BUNKER PRICES: Tariff Tensions Send Global VLSFO Prices to 3 1/2-Year Low

by Ship & Bunker News Team
Monday April 7, 2025

A sharp selloff in commodity prices at the end of last week following new announcements on tariffs sent global VLSFO prices to the lowest level in three and a half years.

Ship & Bunker's G20-VLSFO Index of prices across 20 leading bunkering ports lost $13.50/mt to $548.50/mt on Friday, reaching its lowest level since September 2021.

The Trump Administration announced widespread tariffs on imports from almost every country trading with the US late on Wednesday, raising the prospect of a significant slowdown in global trade. On Friday China announced a retaliatory 34% tariff on its imports from the US.

"We cautiously assess that we are approaching a market bottom, but the crisis has developed rapidly and unpredictably," hedging firm GRM said in an emailed note on Monday. 

"Worse yet, no one but Trump himself can halt the negative spiral—and Trump has not recognized the severity of the situation."

Friday's bunker prices will largely only reflect Thursday's moves in the wider oil market, meaning further sharp declines are likely as new pricing information comes in on Monday morning. 

The G20-HSFO Index sank by $13/mt to $482/mt, while the G20-MGO Index dropped by $21/mt to $735/mt.

ICE Brent crude futures fell by $4.56/bl to $65.58/bl on Friday, having fallen by $4.81/bl the previous day.

VLSFO prices at the top four ports followed a negative trend. At Singapore prices lost $21/mt to $515.50/mt, at Rotterdam they fell by $27/mt to $470.50/mt, at Fujairah they declined by $22/mt to $509.50/mt, and at Houston they sank by $20.50/mt to $502/mt.

On Monday morning Brent futures were trading down by $1.70/bl from the previous session's close at $63.88/bl as of 5:58 AM in London. In metric tonne terms that would be equivalent to a $12.80/mt fall on the day in bunker prices.
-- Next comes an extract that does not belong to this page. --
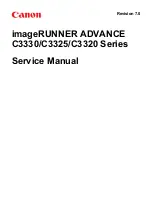 Предварительный просмотр 1 страницы Canon imageRUNNER ADVANCE C3330 Series Service Manual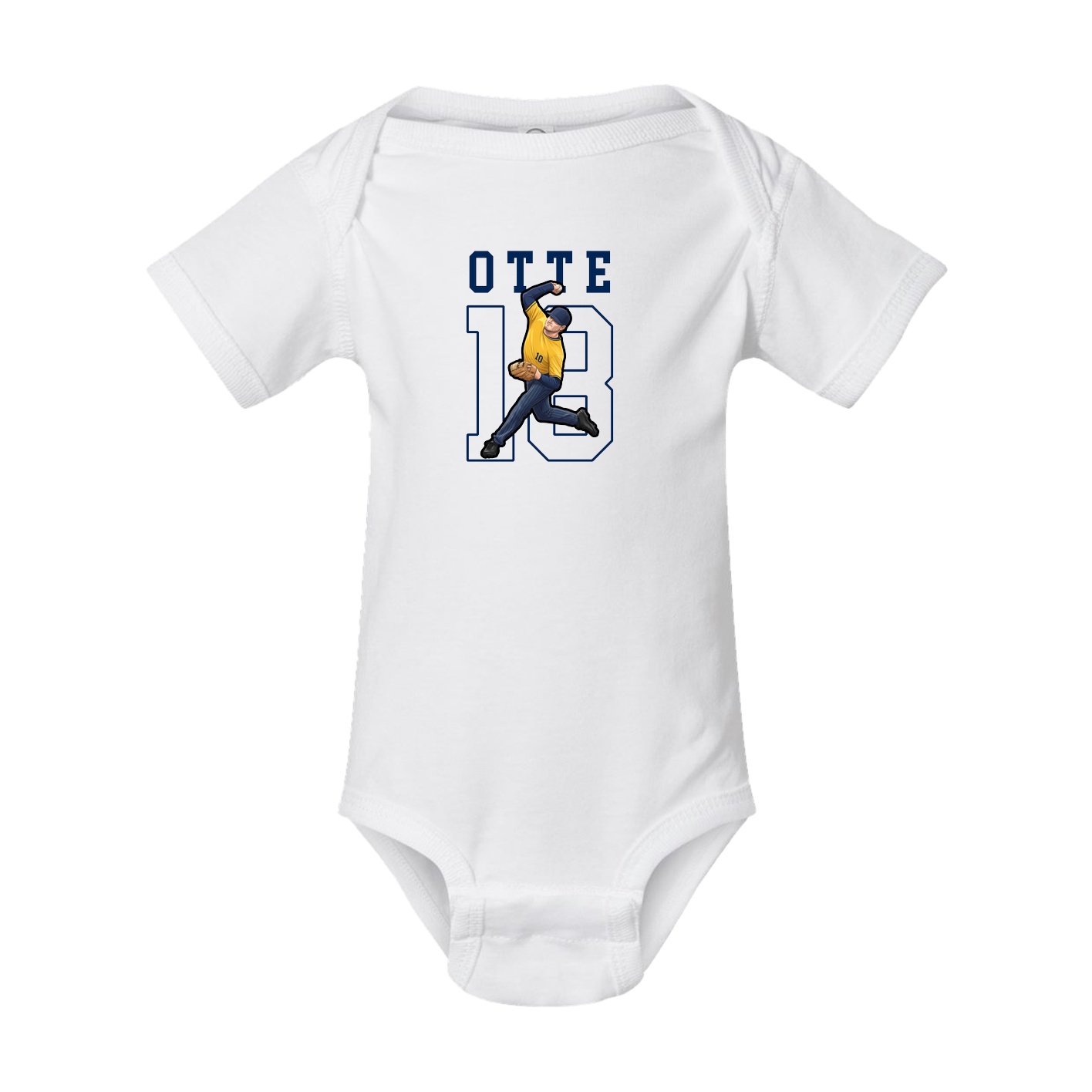 Baby Onesie — Shirsey in White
VLSFO price moves tend to lag rapid moves in the crude market as suppliers with hedging in place seek to resist pressure to lower their prices in line with crude futures. But those suppliers without hedging will be in a more vulnerable position, and buyers with optionality around where their vessels bunker will be looking out for these suppliers this week to find the lowest possible prices.